(Excerpted records begins)
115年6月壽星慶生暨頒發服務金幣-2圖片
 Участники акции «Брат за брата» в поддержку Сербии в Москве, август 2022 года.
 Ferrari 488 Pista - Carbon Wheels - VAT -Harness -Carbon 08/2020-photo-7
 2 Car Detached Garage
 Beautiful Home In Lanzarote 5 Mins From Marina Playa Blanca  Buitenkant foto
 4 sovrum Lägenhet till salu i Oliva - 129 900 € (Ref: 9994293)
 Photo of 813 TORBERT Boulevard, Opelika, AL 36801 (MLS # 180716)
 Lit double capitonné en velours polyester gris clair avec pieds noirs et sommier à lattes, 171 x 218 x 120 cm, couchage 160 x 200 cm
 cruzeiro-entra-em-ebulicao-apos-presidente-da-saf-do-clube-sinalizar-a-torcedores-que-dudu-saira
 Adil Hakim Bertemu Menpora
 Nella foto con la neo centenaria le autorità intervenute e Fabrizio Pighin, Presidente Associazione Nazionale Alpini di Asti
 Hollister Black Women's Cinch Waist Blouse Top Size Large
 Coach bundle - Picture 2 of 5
(Excerpted records ends)
What is required: Please repeat all the records above exactly as they appear.

Exercise response:
115年6月壽星慶生暨頒發服務金幣-2圖片
 Участники акции «Брат за брата» в поддержку Сербии в Москве, август 2022 года.
 Ferrari 488 Pista - Carbon Wheels - VAT -Harness -Carbon 08/2020-photo-7
 2 Car Detached Garage
 Beautiful Home In Lanzarote 5 Mins From Marina Playa Blanca  Buitenkant foto
 4 sovrum Lägenhet till salu i Oliva - 129 900 € (Ref: 9994293)
 Photo of 813 TORBERT Boulevard, Opelika, AL 36801 (MLS # 180716)
 Lit double capitonné en velours polyester gris clair avec pieds noirs et sommier à lattes, 171 x 218 x 120 cm, couchage 160 x 200 cm
 cruzeiro-entra-em-ebulicao-apos-presidente-da-saf-do-clube-sinalizar-a-torcedores-que-dudu-saira
 Adil Hakim Bertemu Menpora
 Nella foto con la neo centenaria le autorità intervenute e Fabrizio Pighin, Presidente Associazione Nazionale Alpini di Asti
 Hollister Black Women's Cinch Waist Blouse Top Size Large
 Coach bundle - Picture 2 of 5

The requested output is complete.